Rich and powerful are destroying democracy

Mike Andrews, Park City

The Constitution was, among other things, an attempt to balance the varying business and commercial interests of that time. Many of the compromises needed to achieve its creation were an attempt to balance competing interests of slave-holding cotton growers whose survival depended on cheap labor (slavery). They were a relatively small part of the population. On the other side was an emerging class that relied on trade and business growth for its success and who wanted a strong central government.

Hence, a major part of the explanation for a two-part Congress based on equality of states in the Senate and on population in the House of Representatives (with a special 3/5ths allocation to count the slaves). Both sides had great distrust of “the rabble” and of anything that even hinted of the concept of “direct democracy through a referendum of the voters.” That is how the electoral “college” came to be.
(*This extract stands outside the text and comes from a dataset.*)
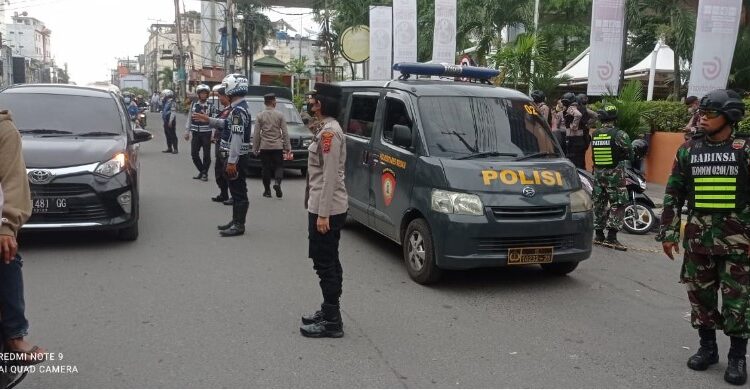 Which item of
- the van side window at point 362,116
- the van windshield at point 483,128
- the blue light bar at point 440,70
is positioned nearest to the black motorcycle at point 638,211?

But the economic system and society that led to much of the Constitution has not existed since the late 1860s. Popular democracy has grown and flourished over the centuries. The founders provided a way to amend the Constitution to accommodate changing times but made it onerous. Yet, today those who call themselves “strict constructionists” argue fervently that we should only interpret the Constitution in light of the intent of the founders and assert they have cornered the market on knowing what it was they intended and what we should do 240 years later!

So, the Constitution itself became – unintentionally — an instrument for the destruction of democracy, where an 18th-century political Electoral College could be used in 2016 to determine our President.

A political class or group that believes the circumstances of a time long past should be the basis for a society’s political decisions, or that the person with the most votes should not win an election, is clearly out of touch with reality. As a result, on Friday, the man sworn in as president will have lost the election by almost 3 million votes!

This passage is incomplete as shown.